Extracted records
+--

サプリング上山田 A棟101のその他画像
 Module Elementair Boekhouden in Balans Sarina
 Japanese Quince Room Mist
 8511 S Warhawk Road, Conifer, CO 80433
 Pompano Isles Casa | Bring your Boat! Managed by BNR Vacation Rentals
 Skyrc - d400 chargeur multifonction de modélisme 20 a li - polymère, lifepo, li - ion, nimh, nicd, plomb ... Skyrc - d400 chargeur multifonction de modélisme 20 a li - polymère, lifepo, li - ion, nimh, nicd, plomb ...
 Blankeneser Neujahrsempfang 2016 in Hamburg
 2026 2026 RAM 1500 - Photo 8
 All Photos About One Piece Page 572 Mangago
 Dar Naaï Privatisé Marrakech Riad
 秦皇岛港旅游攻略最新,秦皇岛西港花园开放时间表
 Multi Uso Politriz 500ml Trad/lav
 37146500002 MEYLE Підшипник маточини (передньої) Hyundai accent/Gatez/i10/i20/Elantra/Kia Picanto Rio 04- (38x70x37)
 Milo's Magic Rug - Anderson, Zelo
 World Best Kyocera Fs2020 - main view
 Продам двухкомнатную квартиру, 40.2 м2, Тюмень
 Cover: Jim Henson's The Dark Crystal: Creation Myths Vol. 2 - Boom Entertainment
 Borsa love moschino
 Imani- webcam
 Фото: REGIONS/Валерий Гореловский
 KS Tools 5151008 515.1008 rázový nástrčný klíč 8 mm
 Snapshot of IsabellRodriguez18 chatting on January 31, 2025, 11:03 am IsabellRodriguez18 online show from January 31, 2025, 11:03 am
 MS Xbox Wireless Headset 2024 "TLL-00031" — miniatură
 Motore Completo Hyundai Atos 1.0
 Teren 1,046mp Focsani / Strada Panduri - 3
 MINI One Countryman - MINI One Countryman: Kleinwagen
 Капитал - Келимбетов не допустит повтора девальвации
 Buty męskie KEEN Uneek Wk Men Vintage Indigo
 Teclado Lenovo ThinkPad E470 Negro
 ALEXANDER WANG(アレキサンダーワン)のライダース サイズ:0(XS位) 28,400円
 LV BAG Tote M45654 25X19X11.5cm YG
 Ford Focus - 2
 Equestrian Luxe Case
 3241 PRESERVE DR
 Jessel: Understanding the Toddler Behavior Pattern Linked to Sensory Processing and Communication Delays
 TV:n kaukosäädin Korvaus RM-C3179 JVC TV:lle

+--

▸ THE PROBLEM
Would you state how many lines of the data above hold the string "Hyundai"? Reply with the number alone.

▸ PROBLEM SOLUTION
2